• **PROBLEM**
Using the data below, set down every line from the one containing "ONBRILL 47 Inch" through the one containing "Coffee et Labrador", inclusive and unchanged. Pictures are to be skipped.

[PROVIDED MATERIAL Boundary: Start]

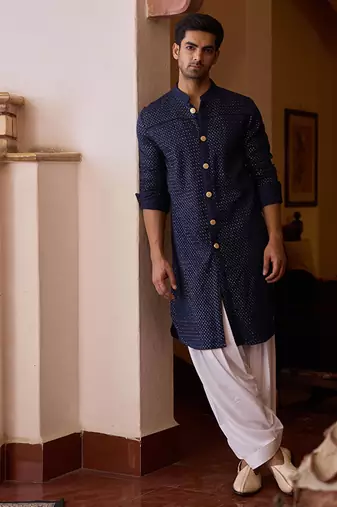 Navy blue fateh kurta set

[PROVIDED MATERIAL Boundary: End]
[PROVIDED MATERIAL Boundary: Start]

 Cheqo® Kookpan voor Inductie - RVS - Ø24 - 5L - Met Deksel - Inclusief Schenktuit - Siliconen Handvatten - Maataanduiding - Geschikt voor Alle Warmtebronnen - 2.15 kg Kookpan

[PROVIDED MATERIAL Boundary: End]
[PROVIDED MATERIAL Boundary: Start]

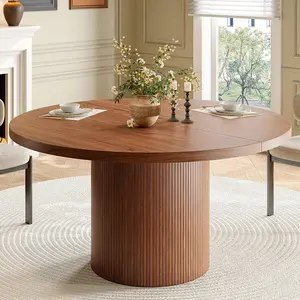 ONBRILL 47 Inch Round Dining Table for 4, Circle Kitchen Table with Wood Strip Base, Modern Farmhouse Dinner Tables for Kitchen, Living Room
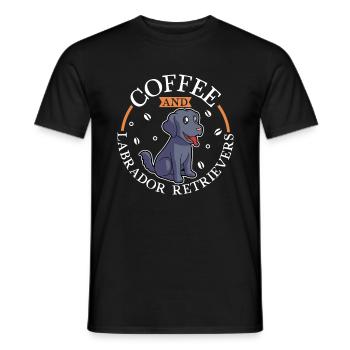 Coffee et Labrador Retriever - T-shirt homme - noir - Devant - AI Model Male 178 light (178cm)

[PROVIDED MATERIAL Boundary: End]

• **SOLUTION TO THE PROBLEM**
 ONBRILL 47 Inch Round Dining Table for 4, Circle Kitchen Table with Wood Strip Base, Modern Farmhouse Dinner Tables for Kitchen, Living Room
 Coffee et Labrador Retriever - T-shirt homme - noir - Devant - AI Model Male 178 light (178cm)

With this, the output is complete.